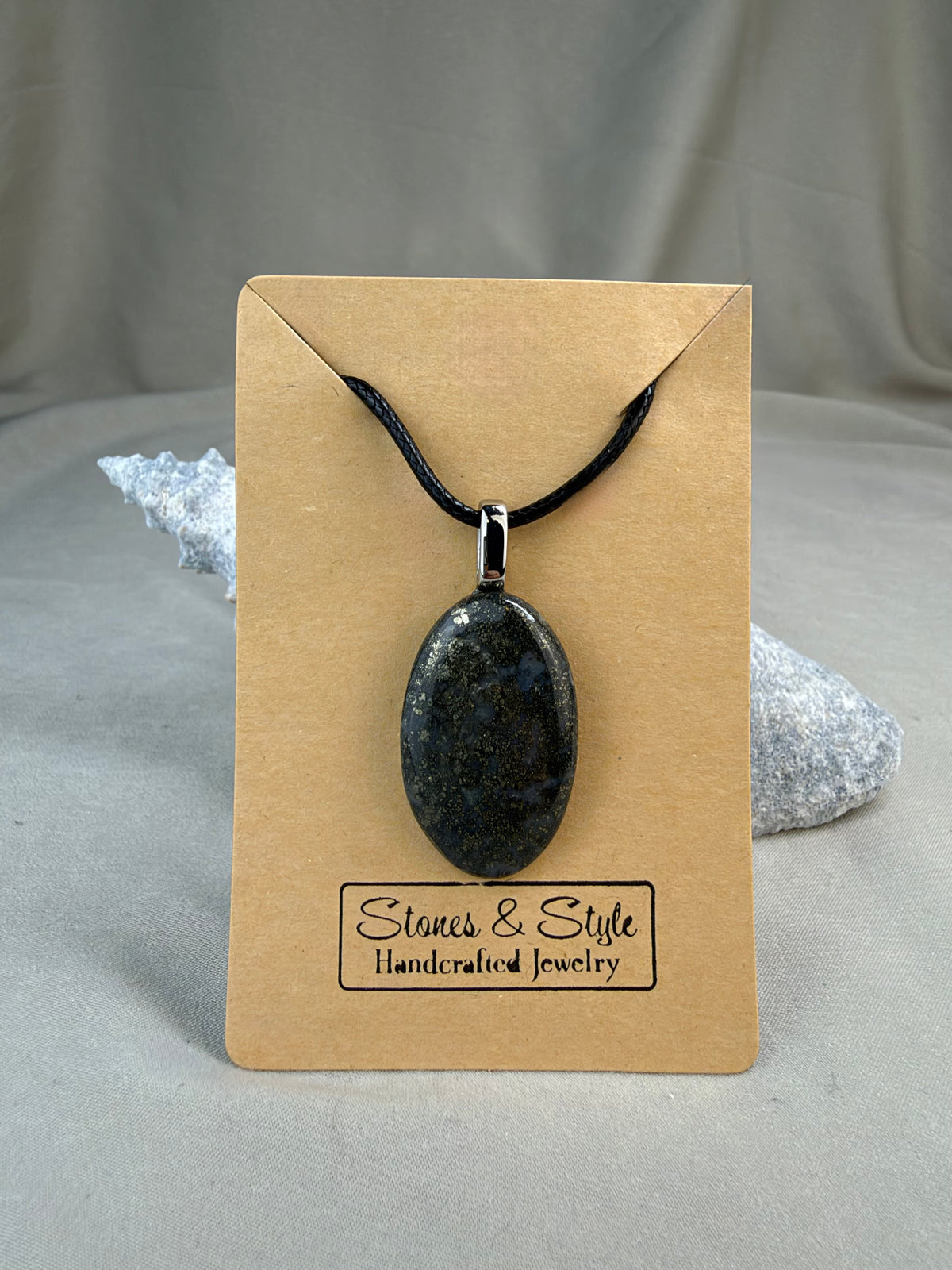 Marcasite Pendant Necklace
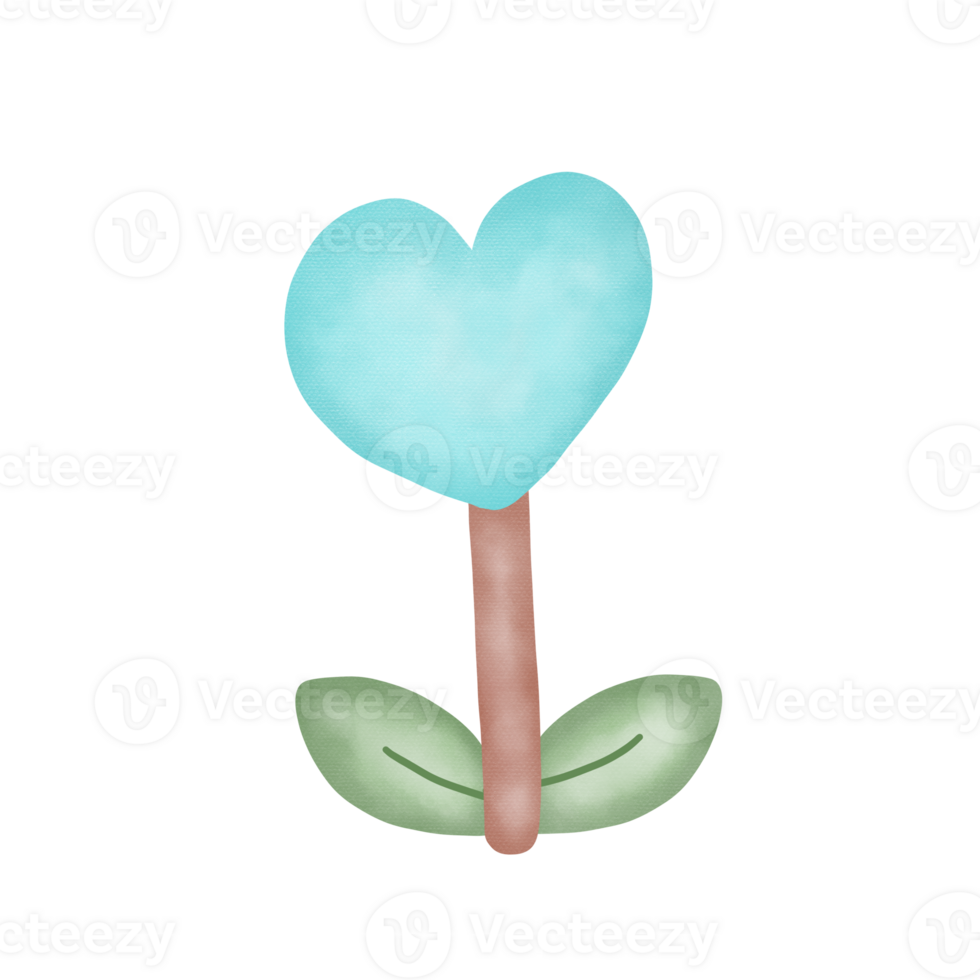 Flower cartoon hand drawing png
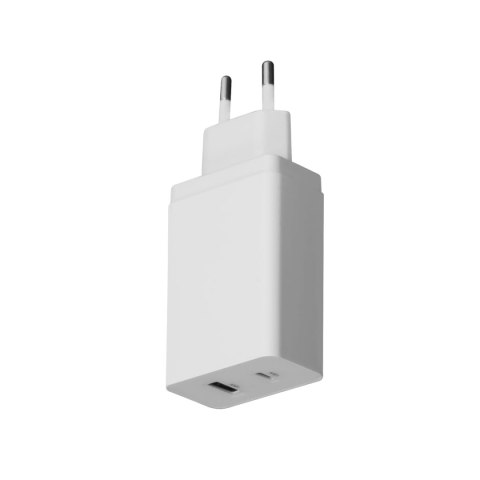 Ładowarka sieciowa 230V PLATINET 1xUSB-A + 1xUSB-C 18W biała (45480) Ładowarka sieciowa 230V PLATINET 1xUSB-A + 1xUSB-C 18W biała (45480)
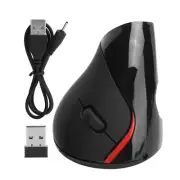 (black)Ergonomic Wireless Mouse 5D Vertical Right Hand Mouse With USB Receiv Fit
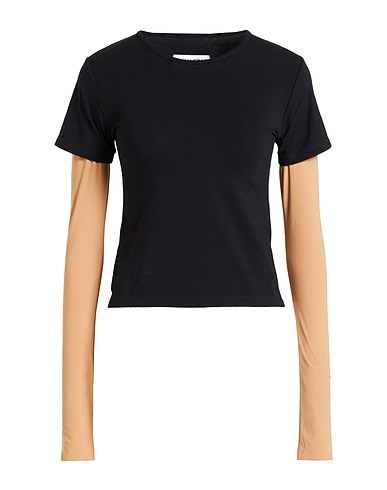 MM6 MAISON MARGIELA T-shirts 90% Cotton, 10% Elastane
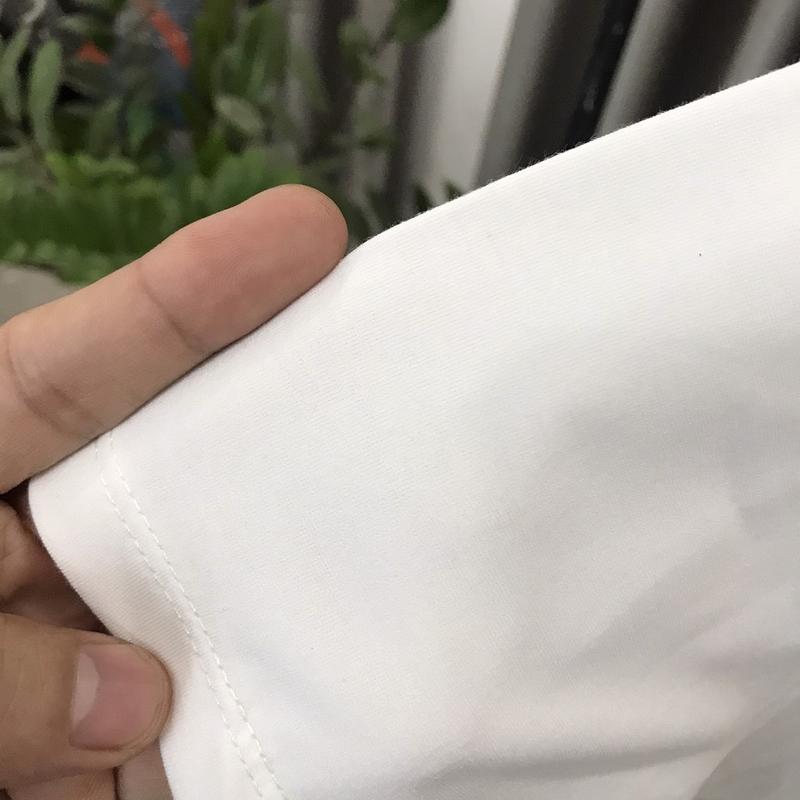 Áo Thun Nhóm Màu Trắng Mẫu AN03 Đồng Phục Du lịch Ngắn Tay Cổ Tròn NỮ Nam Top Women 3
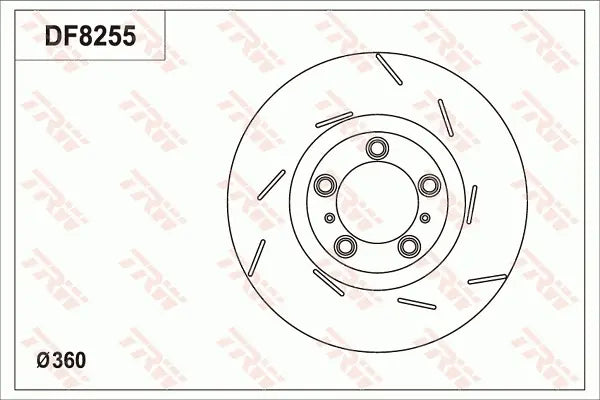 Brake Disc DF8255S - TRW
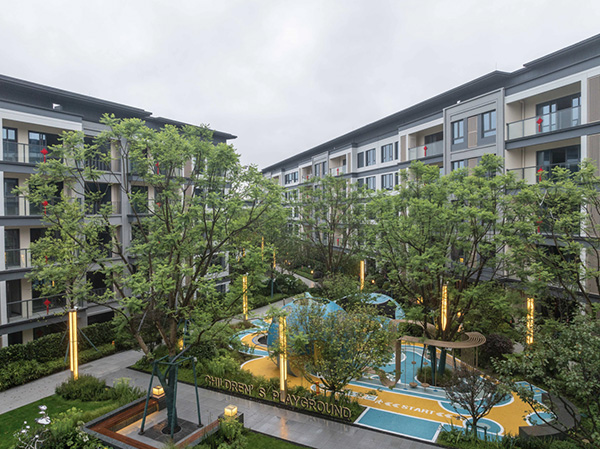 交付實(shí)景圖。越秀重慶供圖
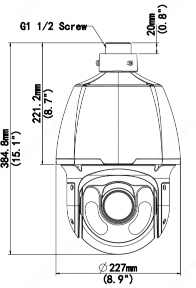 Скоростная IP PTZ видеокамера Uniview IPC6622SR-X33-VF. Изображение 1 Скоростная IP PTZ видеокамера Uniview IPC6622SR-X33-VF. Изображение 1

_THE PROBLEM_
The lines wanted run from the first one in the material above through the line containing "交付實(shí)景圖。越秀重慶供圖"; give them again exactly, leaving out the pictures.

_TASK OUTPUT_
 Marcasite Pendant Necklace
 Flower cartoon hand drawing png
 Ładowarka sieciowa 230V PLATINET 1xUSB-A + 1xUSB-C 18W biała (45480) Ładowarka sieciowa 230V PLATINET 1xUSB-A + 1xUSB-C 18W biała (45480)
 (black)Ergonomic Wireless Mouse 5D Vertical Right Hand Mouse With USB Receiv Fit
 MM6 MAISON MARGIELA T-shirts 90% Cotton, 10% Elastane
 Áo Thun Nhóm Màu Trắng Mẫu AN03 Đồng Phục Du lịch Ngắn Tay Cổ Tròn NỮ Nam Top Women 3
 Brake Disc DF8255S - TRW
 交付實(shí)景圖。越秀重慶供圖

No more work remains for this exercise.